Output all records exactly, with no images.

((

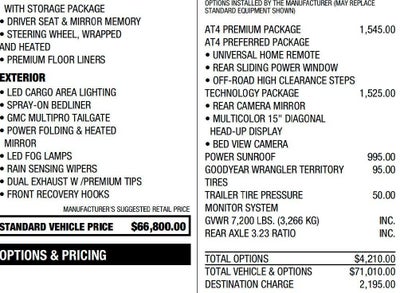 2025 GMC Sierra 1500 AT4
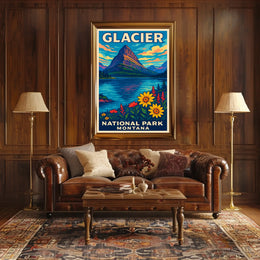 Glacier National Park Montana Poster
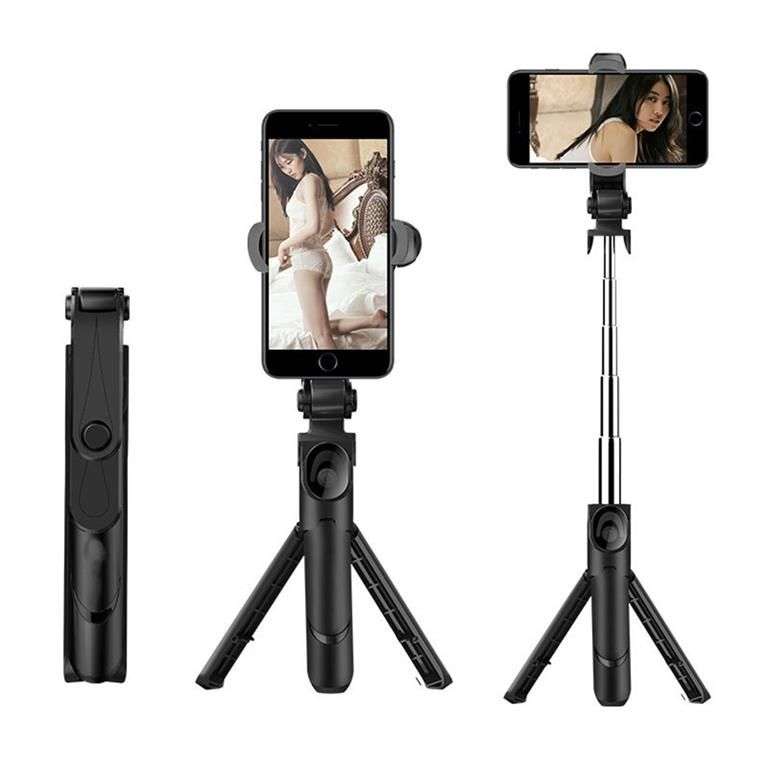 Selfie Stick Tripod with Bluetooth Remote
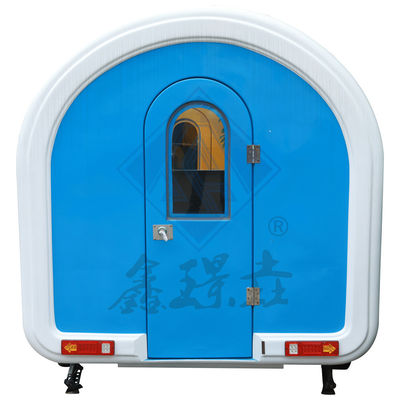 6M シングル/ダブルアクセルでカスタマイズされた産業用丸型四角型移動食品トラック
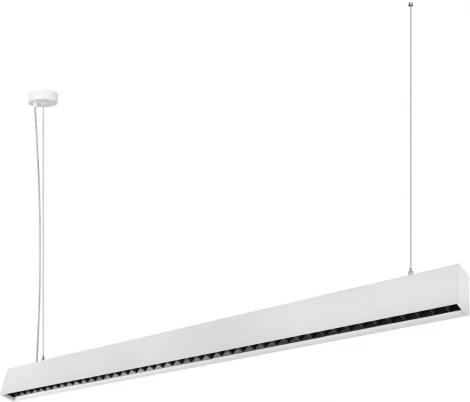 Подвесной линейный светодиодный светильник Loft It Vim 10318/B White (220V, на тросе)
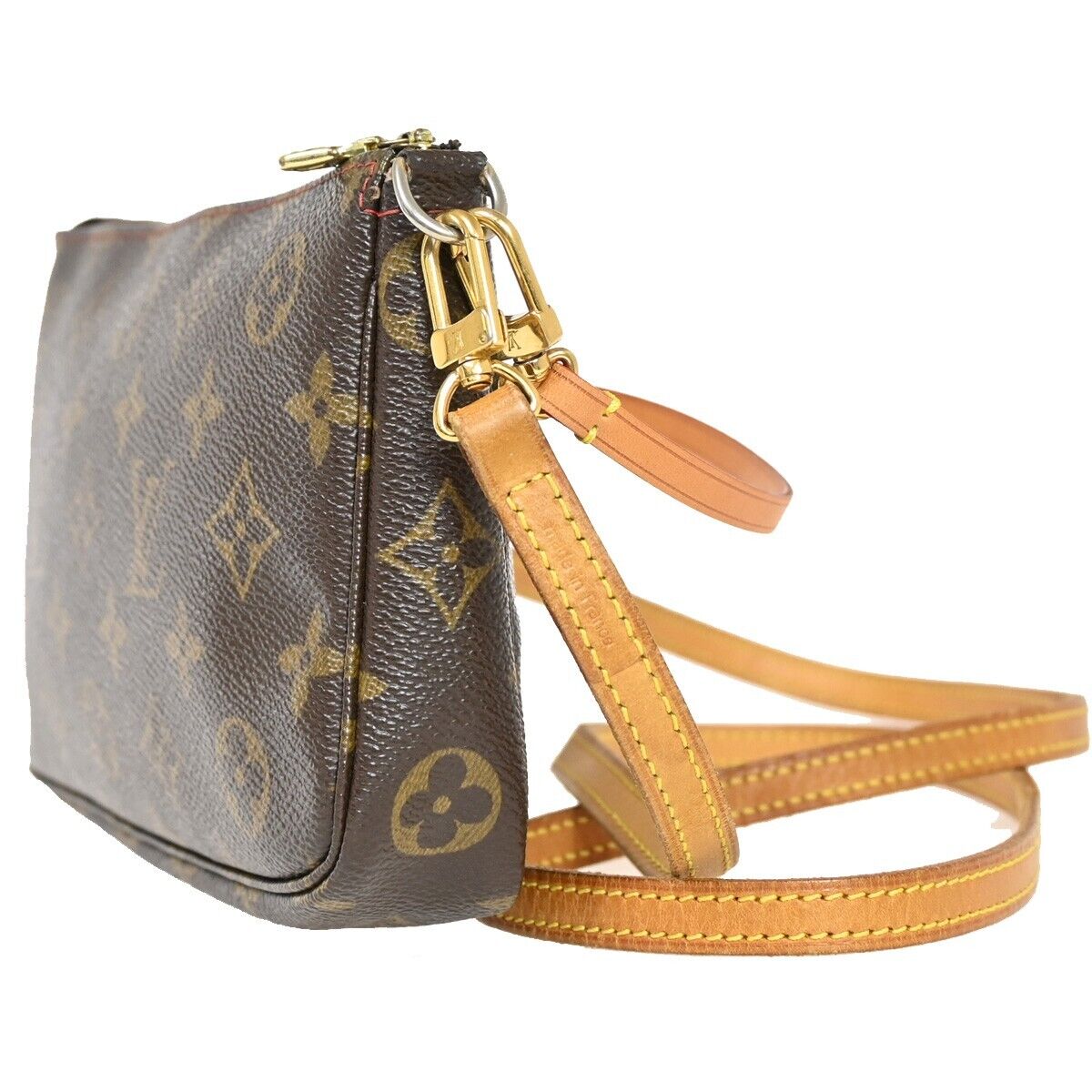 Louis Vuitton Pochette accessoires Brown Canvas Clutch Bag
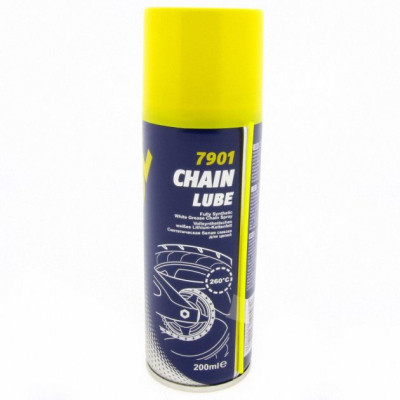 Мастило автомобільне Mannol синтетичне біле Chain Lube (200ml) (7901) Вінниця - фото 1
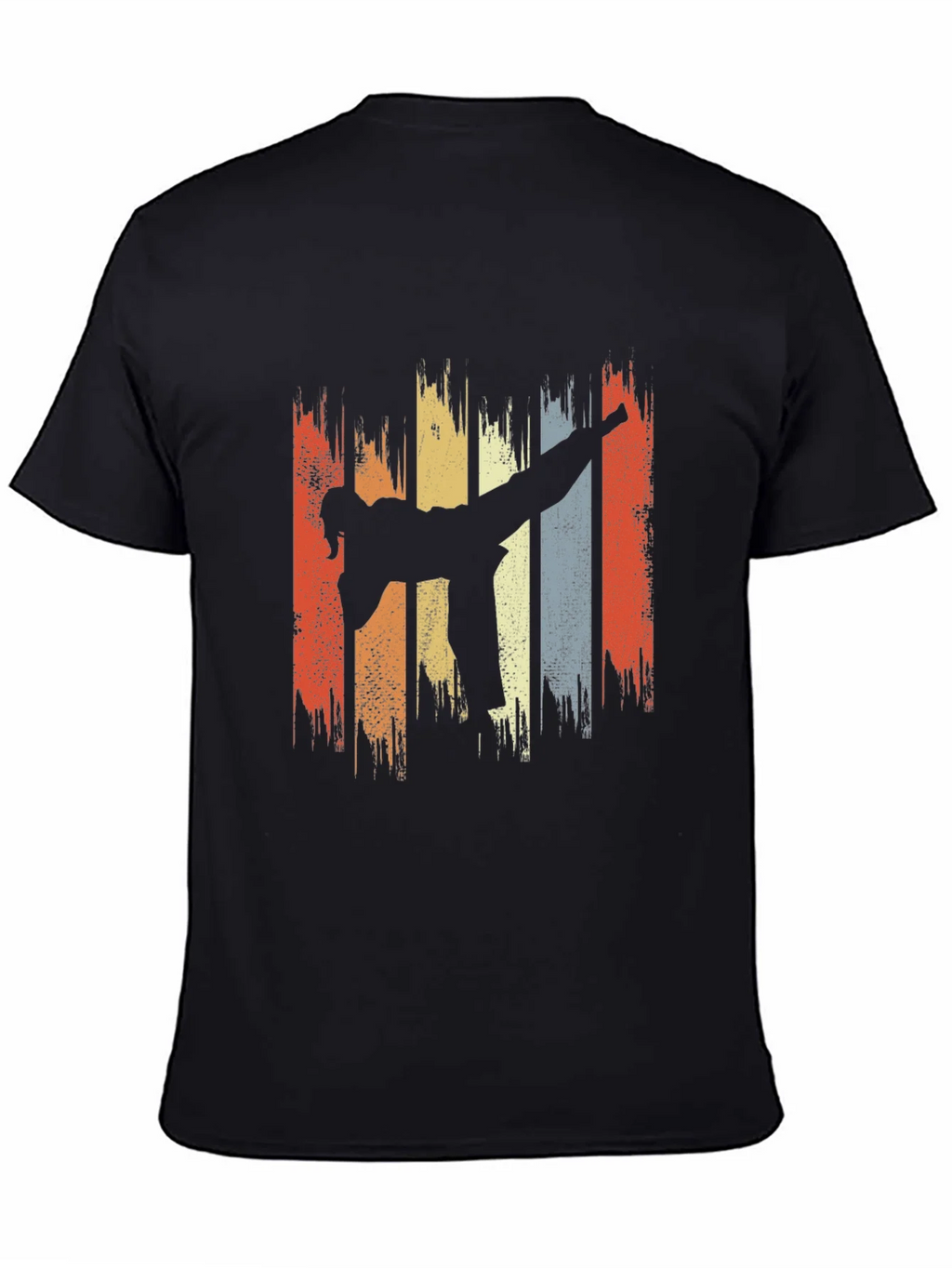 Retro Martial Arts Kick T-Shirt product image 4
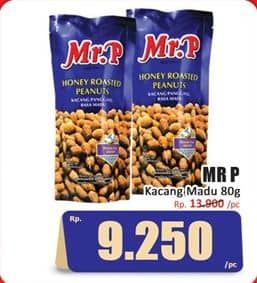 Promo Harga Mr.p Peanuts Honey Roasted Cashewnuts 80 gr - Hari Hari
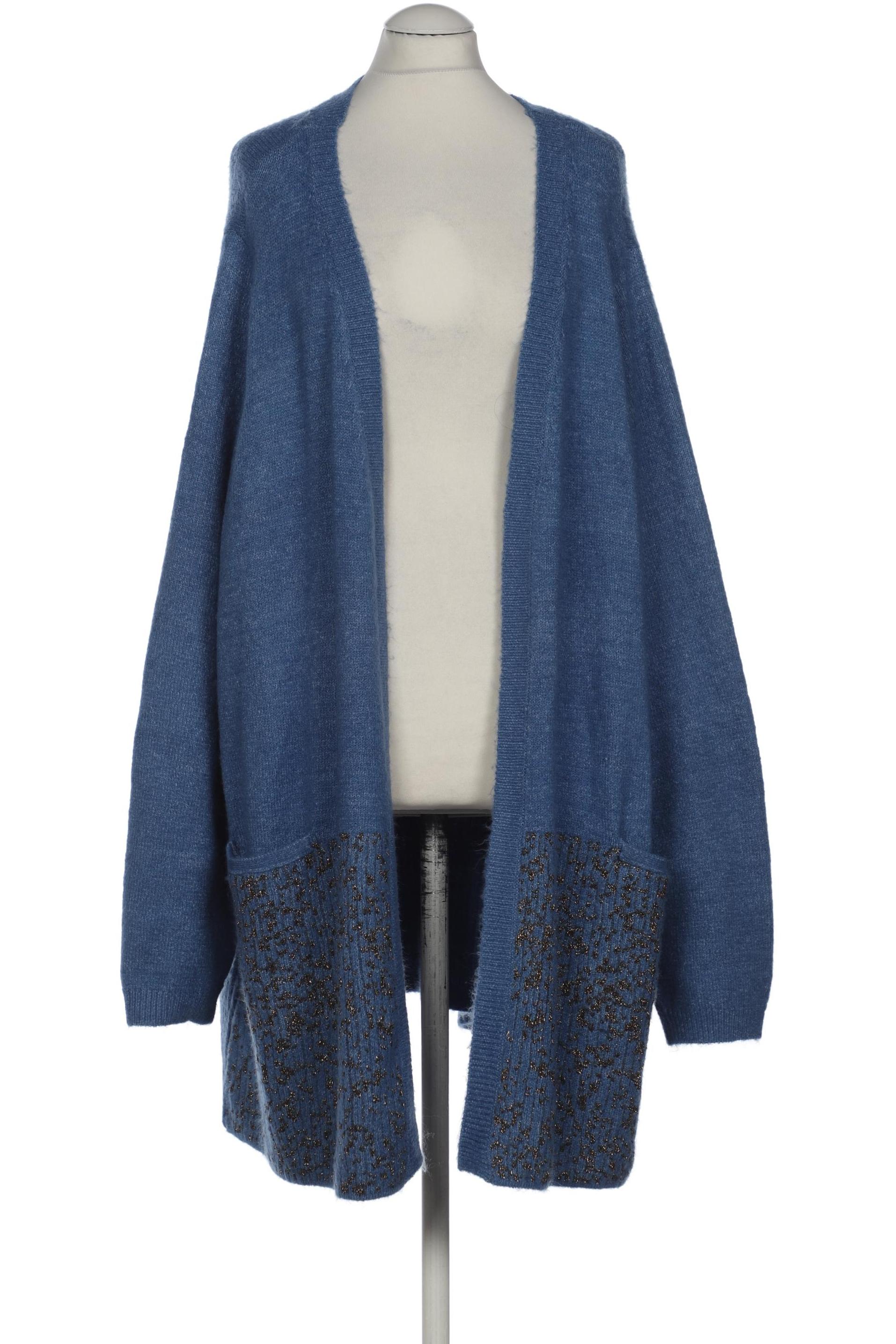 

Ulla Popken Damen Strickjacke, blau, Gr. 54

))

RESULT:
 2025 GMC Sierra 1500 AT4
 Glacier National Park Montana Poster
 Selfie Stick Tripod with Bluetooth Remote
 6M シングル/ダブルアクセルでカスタマイズされた産業用丸型四角型移動食品トラック
 Подвесной линейный светодиодный светильник Loft It Vim 10318/B White (220V, на тросе)
 Louis Vuitton Pochette accessoires Brown Canvas Clutch Bag
 Мастило автомобільне Mannol синтетичне біле Chain Lube (200ml) (7901) Вінниця - фото 1
 Retro Martial Arts Kick T-Shirt product image 4
 Promo Harga Mr.p Peanuts Honey Roasted Cashewnuts 80 gr - Hari Hari

Ulla Popken Damen Strickjacke, blau, Gr. 54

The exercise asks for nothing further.